The Current TODO list

Since about Feb 2001, I've been maintaining a TODO list and posting it to the devel list occasionally.
Not done

Packaging

Functionality

Bugs

My attempts to run the Debian install procedure hung UML while it was probing disks. I never figured out what was happening.

Make UML build without warnings

Make sure that each clock tick gets counted

Figure out the hostfs crash that Larent Bonnaud is seeing

make 'gdb=pty' work

protect kernel memory from userspace

Figure out why the io_thread loses its parent and its connection to the kernel

Disable SIGIO on file descriptors which are already being handled. This will cut off some interrupt recursion.

Figure out why gdb can't use fd chan (blinky@gmx.net)

Figure out why repeated 'tail /dev/zero' with swap causes process segfaults

Set SA_RESTART on SIGPROF

Replace dentry_name with d_name

Dynamically allocate all driver descriptors

Make slip_tramp conditional in slip_close

many du / causes slab cache corruption

Adding an eth device via the mconsole (and probably the command line) won't necessarily configure the device that was named

Figure out why init/version.c, init/main.c, and arch/um/main.c don't get coverage data.

Fix the ubd rounding bug spotted by Steve Schmidtke and Roman Zippel.

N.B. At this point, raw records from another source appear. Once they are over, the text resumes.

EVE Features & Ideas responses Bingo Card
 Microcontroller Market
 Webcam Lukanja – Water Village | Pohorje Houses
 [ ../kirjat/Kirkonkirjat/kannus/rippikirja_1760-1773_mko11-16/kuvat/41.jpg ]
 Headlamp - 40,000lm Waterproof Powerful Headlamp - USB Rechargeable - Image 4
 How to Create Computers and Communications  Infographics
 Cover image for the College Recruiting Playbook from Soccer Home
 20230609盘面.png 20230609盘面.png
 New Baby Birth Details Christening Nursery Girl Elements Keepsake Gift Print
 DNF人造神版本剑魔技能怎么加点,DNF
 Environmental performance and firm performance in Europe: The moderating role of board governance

gdb should be the last thing to be shut down so that breakpoints can be set late in the shutdown process.

Have the __uml_exitcall handlers check to see if they need to do anything.

Find the race that causes the kernel to run before the debugger is running, and which then causes a panic and segfault.

Tests that need writing

  • Build and load some modules to check for unexported symbols
  • Swap testing - qsbench, low-memory kernel build
  • Rerun some existing tests through hostfs

Figure out why gdb inside UML sometimes misses breakpoints.

^C doesn't work well in a busy loop in __initcall code. I've seen the process die with a SIGINT as well as have the SIGINT arrive to a sleeping process, panicing the tracing thread.

When setting a conditional breakpoint on __free_pages in free_all_bootmem_core and continuing, UML hangs.

Figure out what to do with __uml_setup in modules. A lot of these should end up being normal __setup, since they don't have to happen before the kernel runs.

Figure out why UML died nastily after ^C-ing it and hitting it in userspace.

Telnetting to a console when in.telnetd is non-executable produces an error and a crash from a sleeping process segfaulting.

Single-stepping when a signal has arrived doesn't work. gdb singlesteps, sees the signal, and single-steps with the signal. The signal is handled immediately, stepping the process into the handler. The original instruction was never executed, so when gdb puts the breakpoint back and the handler returns, the breakpoint is hit again.

The _to_user routines refer to user data without using copy_to_user.

How to cause a strange userspace segfault - run the new UML inside UML under gdb. Put a breakpoint on create_elf_tables. 'finish', 'next', segfault.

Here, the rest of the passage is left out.